Clusters of charming stone cottages in Douglas gave way to fields of grazing sheep and cows in nearby Kirk Michael, then sweeping coastal vistas and twisty, mountainous chaparral coming out of Ramsey.

It was such a gorgeous ride that I decided to ride it again – and again, which isn’t hard to do. The island is just 32 miles long and 12 miles wide, or just a little smaller than Los Angeles proper but without the traffic, so getting around is quick. After three round trips of the “track” at gradually increasing speeds, I had had my fill.

My next stop was the Fairy Bridge just outside of Douglas. According to island lore, people who pass over the bridge must say hello to the fairies unless they want bad luck. I wanted to see if the locals actually did that, so I hopped on a London-style double-decker headed for Castletown. I also planned to check out the well-preserved medieval-era Castle Rushen, from which the town gets its name, and go to the local pub.

About halfway through the 20-minute ride, the bus riders waved and called out, “Hello, fairies!” as we passed over the short bridge and under a lush canopy of trees.

One of them was Gina. We chatted about her work as a banker, the fact that she had moved to the island from England because she felt it was safer for her kids, and my plans for the rest of my stay. When I told her I would be heading around the island clockwise by bike but didn’t have accommodations outside Douglas, she called a friend about a homestay.

The next night, I was sleeping in her friend’s house in Port Erin, a sleepy coastal village in the southeast corner of the island with a stunning beach and kayak rentals. Homestays are one of the most common accommodations on the Isle of Man and offer an up-close view of island life. Sanctioned homestays cost about $40 a night, a relief given the exchange rate.

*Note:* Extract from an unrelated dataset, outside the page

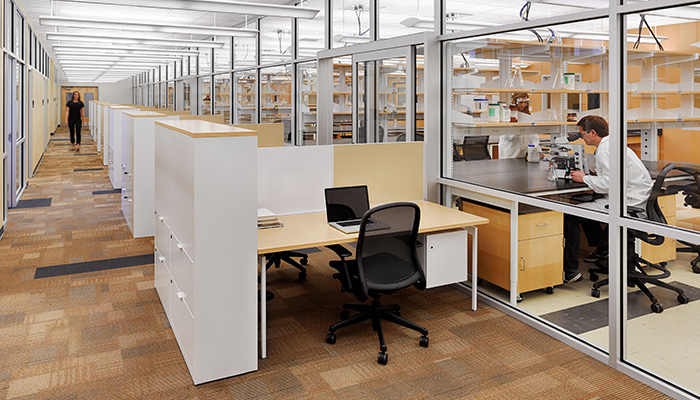 Research Lab with Chadwick High Task Chairs and administrative area in foreground with Antenna Workspaces® Stations, Template™ Storage and Chadwick® Task Chairs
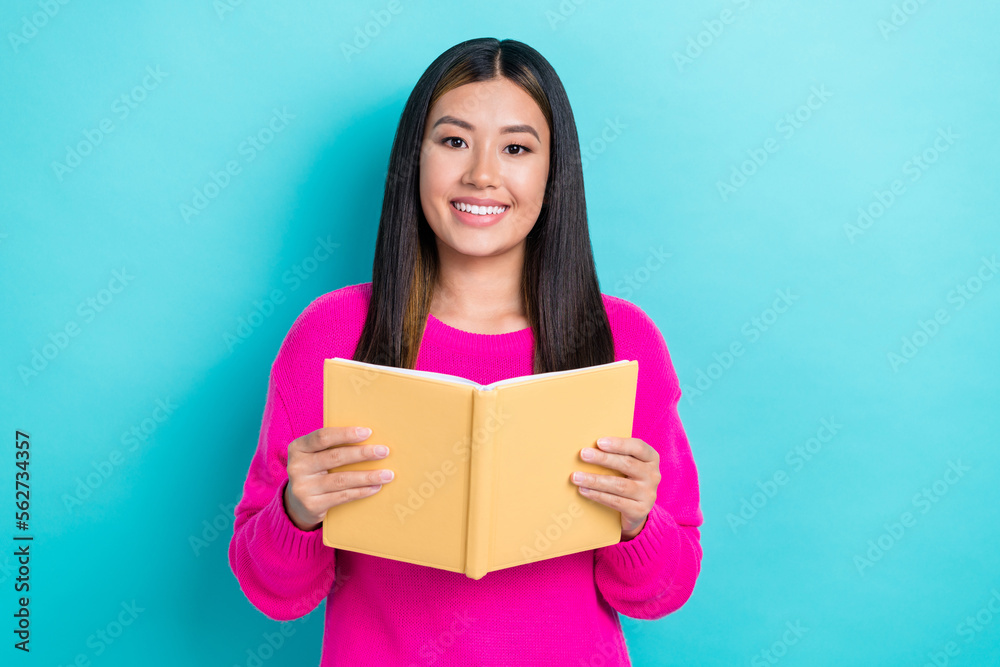 Photo of pretty cute lady wear pink clothes hands hold book diary planner preparing exam isolated on cyan color background Photo of pretty cute lady wear pink clothes hands hold book diary planner preparing exam isolated on cyan color background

The Isle of Man is not part of the European Union. It is a self-governing crown dependency affiliated with Britain only for its defence and international trade representation. So its currency is in pounds.

Not that there’s much to buy, other than motorcycle paraphernalia and trinkets paying tribute to the Manx cats (cats without tails).  There is, however, quite a bit to do to experience the history.

The Norse occupied the isle in the seventh century, but its culture also was influenced by the Irish, Scottish and English, all of whom occupied the island for centuries at a time. It wasn’t until the late 19th century that the island became autonomous, but its history of occupation by other peoples and its landscape-inspired trade is evident across the island.

My favourite place on the island was probably the Great Laxey Wheel in Laxey, said to be the largest working water wheel in the world, with a circumference of about 228 feet and once used to pump water from the island’s lead and zinc mines. It’s spectacular to see this giant red structure rising from the lush landscape.

And it was calm. It was three days since the races had ended, and the island felt like a different place. There was almost no traffic when I decided to circle the course one last time, encountering mostly trucks picking up the hay bales.

Arriving in Douglas for my last night before ferrying back to England, even this, the most cosmopolitan city on the island, felt dead. At 6pm, parking was easy to find, and everything but the pubs was closed, which made the Isle of Man seem very much like an island.